Support writes with previous major lucene versions

dreamer-89 commented 1 year ago

Description

Allow write capabilities with previous major bwc lucene versions to suport rolling upgrades[2] on OpenSearch.

Background

Customers using OpenSearch performs upgrades to move to latest version of OpenSearch software. One of the possible upgrades is rolling upgrade[2] where each node is upgraded one at a time. This upgrade process result in intermediate state where few nodes are on latest OpenSearch version while others are still running on older version, creating a state of mixed version cluster.
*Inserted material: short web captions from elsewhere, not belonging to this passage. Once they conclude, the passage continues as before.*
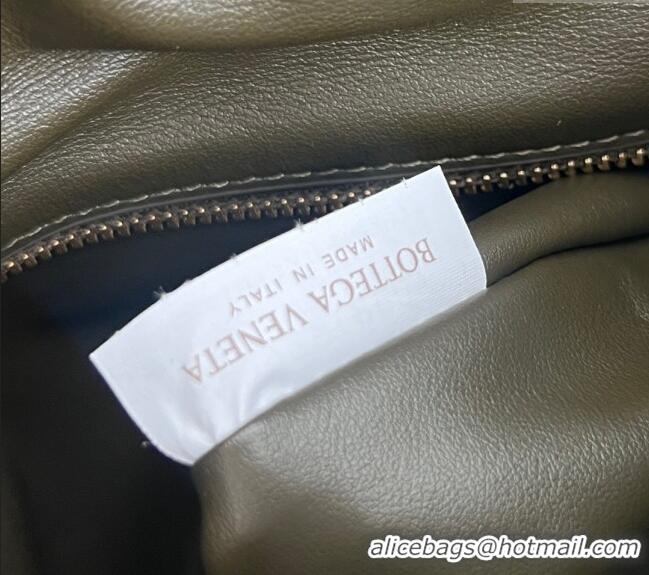 ​Pretty Style Bottega Veneta Hop Small Hobo Bag in Intrecciato Leather 796262 Khaki Green 2025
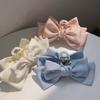 Damen Haarspange Satin-Schleife Decor Anti-Rutsch-Design Haarklammer Hinterkopf Haiklammer Urlaubsreise Strand Haarschmuck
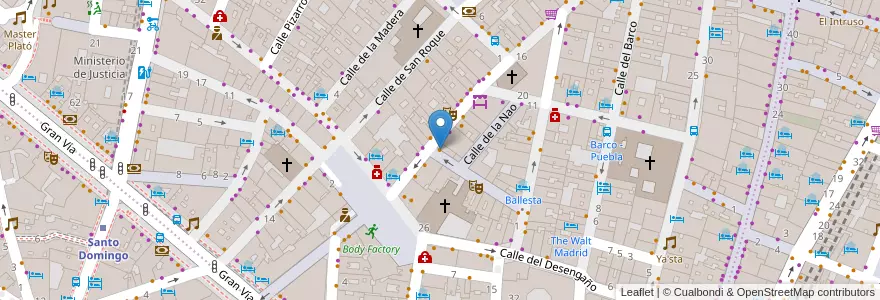 Mapa de ubicacion de Loreto en إسبانيا, منطقة مدريد, منطقة مدريد, Área Metropolitana De Madrid Y Corredor Del Henares, مدريد.
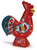 Red Dala Roosters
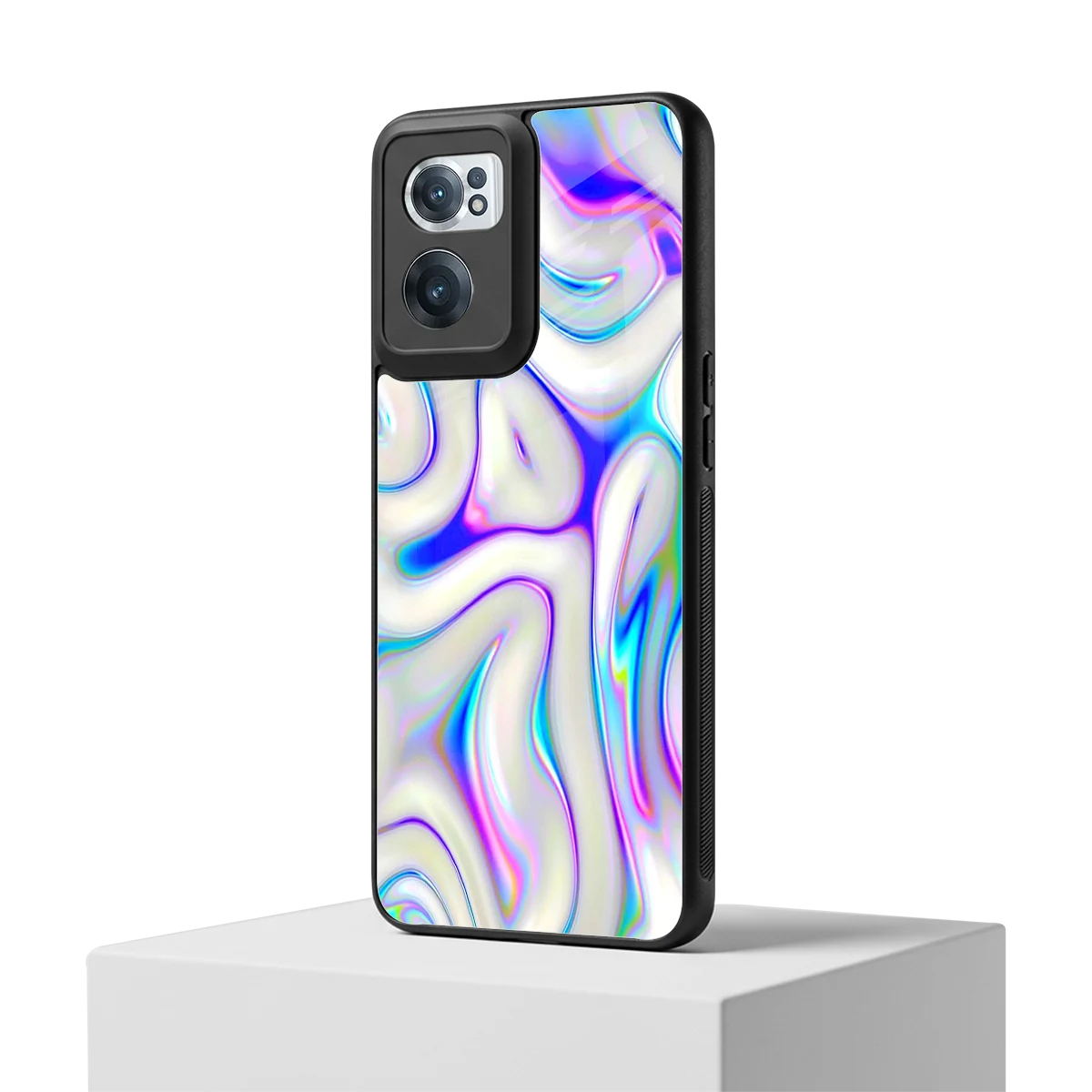 Lilac Drift oneplus nord ce 2 mobile cover | shockproof glass phone case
This state does not work well for segment replication[1] enabled indices because the primary shard copies over the segment files onto replica shard copies. This works fine when all nodes are running on same version but during upgrades it is possible that replica shard copy be running on a older version node and thus, does not understand the segment files written with newer codec on primary shard. This results in replica shard failures and impacts search availability.

Solution attempted and issue

OpenSearch attempted to solve mixed cluster issue by updating primary shard copies to keep using older codec until all replica copies are on latest software. This resulted in segment files written with older codec which replica shard can read. This works for upgrades where there is minor Lucene version bump but not when there is major Lucene bump. We identified from [4] and manual test that Lucene moves older codecs into bwc-codecs and only allow reads with all previous major versions. Thus, there is no write compatibility with previous major lucene versions and solution attempted on OpenSearch will not work for major Lucene version upgrades.

References

[1] Segment replication in OpenSearch [2] Rolling upgrades in OpenSearch [3] OpenSearch engine issue [4] Backward codecs in Lucene

jpountz commented 1 year ago

For reference there was a similar discussion at #10274.

msokolov commented 1 year ago

I'm confused as to why the solution described won't work with segment replication. As I understand it what that solution describes would be some writer nodes writing segments with old version while replicas' (readers) software gets upgraded. Since replicas only read they can continue to read these old (version N-1) index segments. Even if you wanted to allow them to do merging (why, I don't know) you could and they would write new-format segments, which is fine as long as they never share them with other replicas. Then once all replicas are on version N, you can upgrade the writer nodes to version N and start publishing version N segments. Where is the hitch - what am I missing?

dreamer-89 commented 1 year ago

I'm confused as to why the solution described won't work with segment replication. As I understand it what that solution describes would be some writer nodes writing segments with old version while replicas' (readers) software gets upgraded. Since replicas only read they can continue to read these old (version N-1) index segments. Even if you wanted to allow them to do merging (why, I don't know) you could and they would write new-format segments, which is fine as long as they never share them with other replicas. Then once all replicas are on version N, you can upgrade the writer nodes to version N and start publishing version N segments. Where is the hitch - what am I missing?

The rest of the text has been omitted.